OFÍCIO DE VAQUEIROS: CAMINHOS PARA O DESENHO DAS MARCAS DE FERRO

Agamenon Mendes Cerqueira

Resumo


A figura do vaqueiro, antes mesmo de compor o cenário sertanejo com suas práticas culturais, estava presente numa cadeia produtiva onde as relações econômicas estavam arroladas ao seu trabalho, que não fugia da lógica patrimonialista. Assim, pretendemos debater conceitos a respeito do oficio de vaqueiros inerentes a ferração do gado, que identifica a propriedade animal com o desenho de família e implicações que perpassam a burocratização dos ferros de marcar o gado.
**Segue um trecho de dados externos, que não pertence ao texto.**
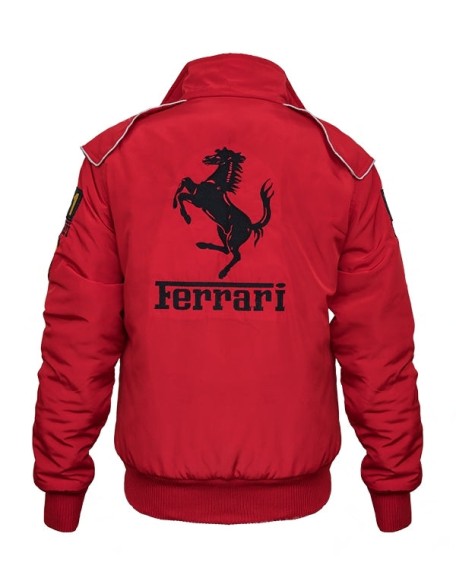 Lana Del Rey Ferrari Jacket
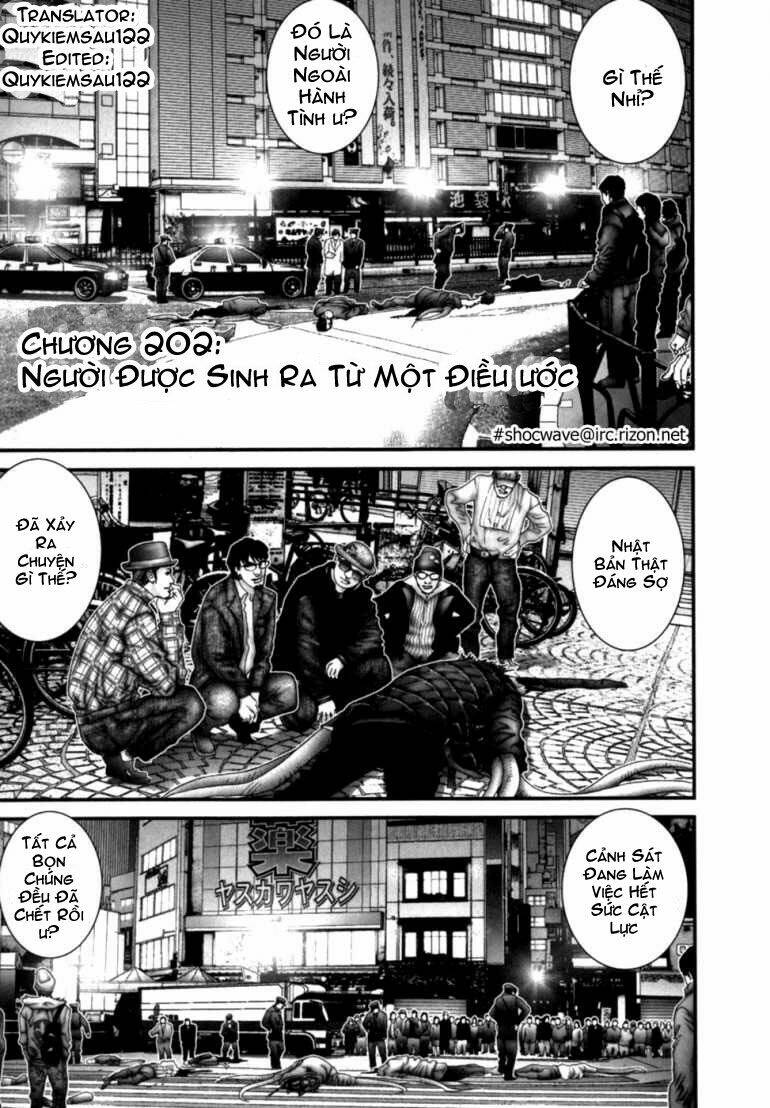 Gantz Chapter 202 - Trang 2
Para tanto, tornou-se imprescindível a produção de dados, através de relatos orais, pelos vaqueiros que participam de festas e encontros de vaqueiros na cidade de Itaberaba, lugar pertencente ao Território de Identidade Cultural do Piemonte do Paraguaçu do Estado da Bahia, onde tornou-se possível perfazer caminhos para a produção dos desenhos das marcas de ferro, por meio de uma reflexão que suscitasse o diálogo entre a experiência prática dos vaqueiros e a plataforma teórica de autores como Virgilio Maia.